Die RWE-Mannschaft war geschockt. In ihr reifte der Entschluss, nach dem Heimspiel gegen Erzgebirge Aue nicht zur feierseligen Tagesordnung übergehen zu wollen. Während des Spiels zelebrierte man seine beiden Treffer mit den Fantribünen. Beim 2:1 fanden Felix Götze und Lawrence Ennali die Muße, die begeistert mitgehenden Balljungen abzuklatschen und zu herzen. Nach dem Schlusspfiff wurde es kühler. Die Aktion ist bekannt, das Echo vielstimmig.

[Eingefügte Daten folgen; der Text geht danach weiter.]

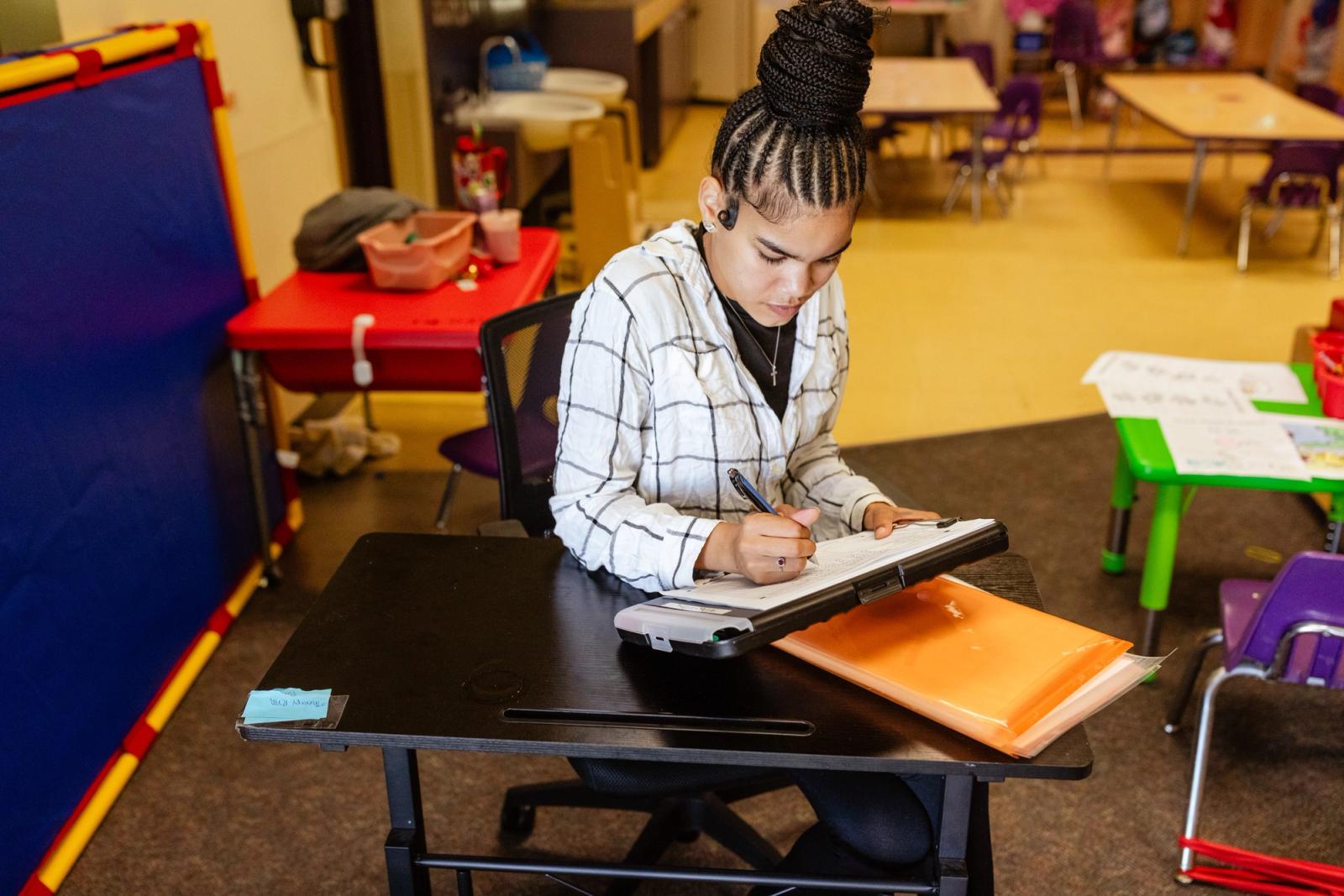 A woman sits at a small table in a classroom. She is writing on a piece of paper in front of her.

Es gibt dabei drei Fraktionen unter den Kommentatoren. Die erste Fraktion, die das Zeichen, das die Mannschaft gegen Gewalt in der eigenen Fanszene setzen wollte, vollkommen teilt. Zweitens die Fraktion, die das Zeichen ebenfalls teilt, aber an dessen Durchführung und der Kommunikation durchaus etwas auszusetzen hat. Drittens die Fraktion, die sich von der Mannschaft verprellt fühlt, da sie mit den Vorfällen, die thematisiert werden sollten, nichts zu tun hat und nicht zu Unrecht darauf verweist, seit Wochen bedingungslos hinter dem Team, das teilweise einen schönen Scheiß gespielt hatte, gestanden zu haben.

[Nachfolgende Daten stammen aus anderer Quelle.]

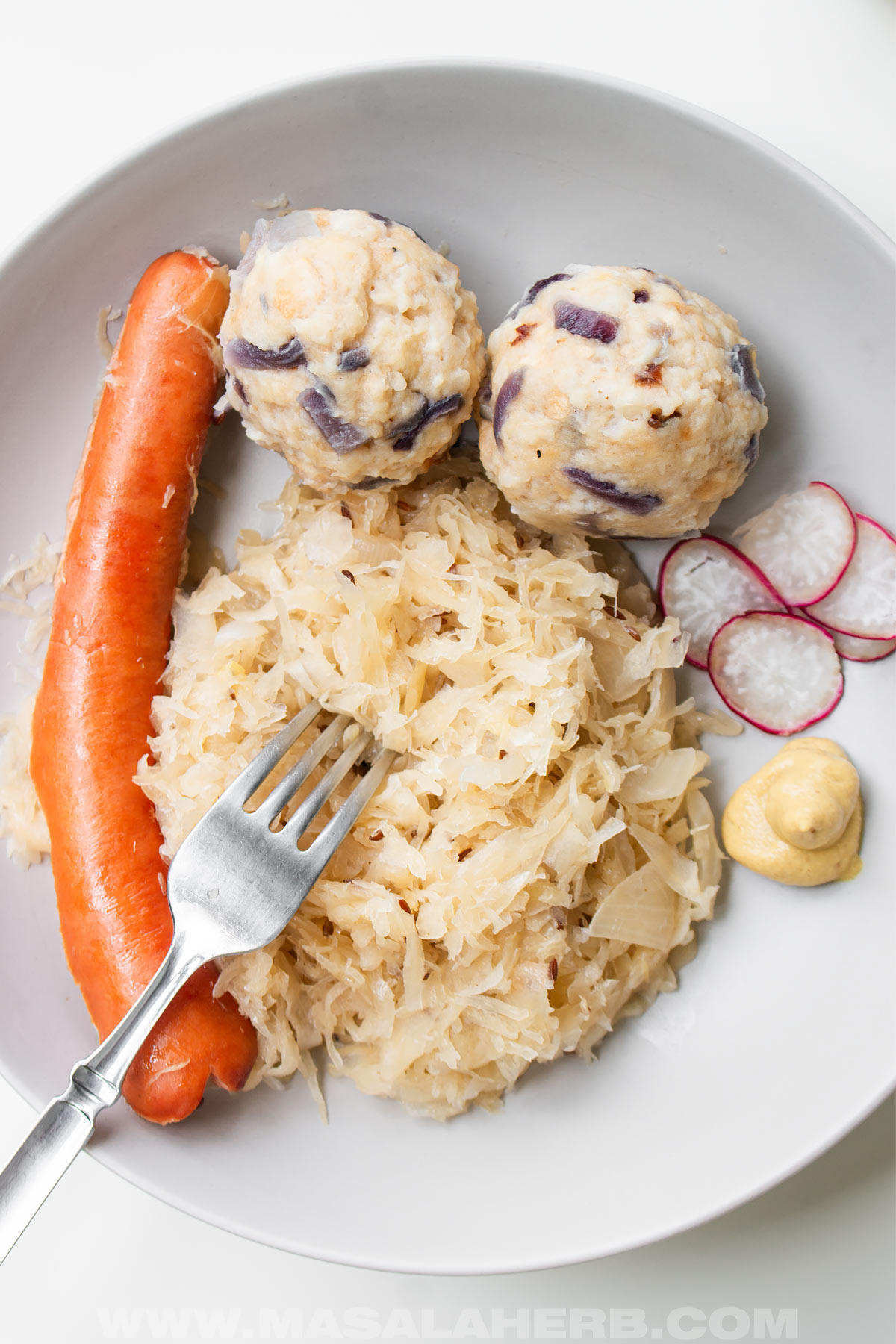 Plate of homemade Sauerkraut and sausage, dumplings, radish and German mustard.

Mittlerweile ist viel geschrieben und kommentiert worden. Je mehr über die Hintergründe bekannt geworden ist, desto größer wurde im Allgemeinen das Verständnis für das Handeln der Mannschaft. Diese stellte sich einige Minuten nach dem Gang in die Kabine dann durchaus noch der Westtribüne, Kapitän Daniel Heber, Felix Herzenbruch, Niklas Tarnat und Felix Bastians in vorderster Front, dazu auch noch Jörn Nowak und Raphael Koczor. Nun redete man also mit der immer noch sehr aufgebrachten Menge. Das hätte man vorher besser auch tun oder die Aktion anders kommunizieren sollen. Viele Kommentatoren haben es bereits formuliert, eine Stadiondurchsage hätte aufklären können, ebenso ein Transpi der Mannschaft. Mangelnde Kommunikation ist somit das Kardinalthema. Das weiß man auch bei RWE. Zu betonen ist noch einmal, es wurde nichts von oben verordnet, das Team kam aus freien Stücken auf diese Idee, wohl aber hätten die eingeweihten RWE-Verantwortlichen die Mannschaft ein wenig besser beraten können, wie man die geplante Message anders und besser hätte platzieren können. In diesem Sinne ist Schweigen Silber und Reden ist Gold. So kam am Montagabend dann auch die entsprechende Stellungnahme der RWE-Mannschaft, die für Transparenz sorgen soll und gemachte Fehler eingesteht.
Wer würde den inhaltlichen Aussagen nicht zustimmen wollen? Kurz nach Veröffentlichung erfreute sich das Statement bereits hoher Zustimmung und vieler positiver Kommentare. Es ist immens wichtig, um die Dinge richtig einzuordnen. In den Medien wurde zuvor viel von einer unnötigen Baustelle, die die RWE-Mannschaft aufgemacht habe, geschrieben. Anstatt einfach zu feiern und den Menschen etwas für den Support zurück zu geben, reagierte man unglücklich. Jedoch tat die Mannschaft auf diese Weise womöglich das Falsche, aber sie meinte das Richtige.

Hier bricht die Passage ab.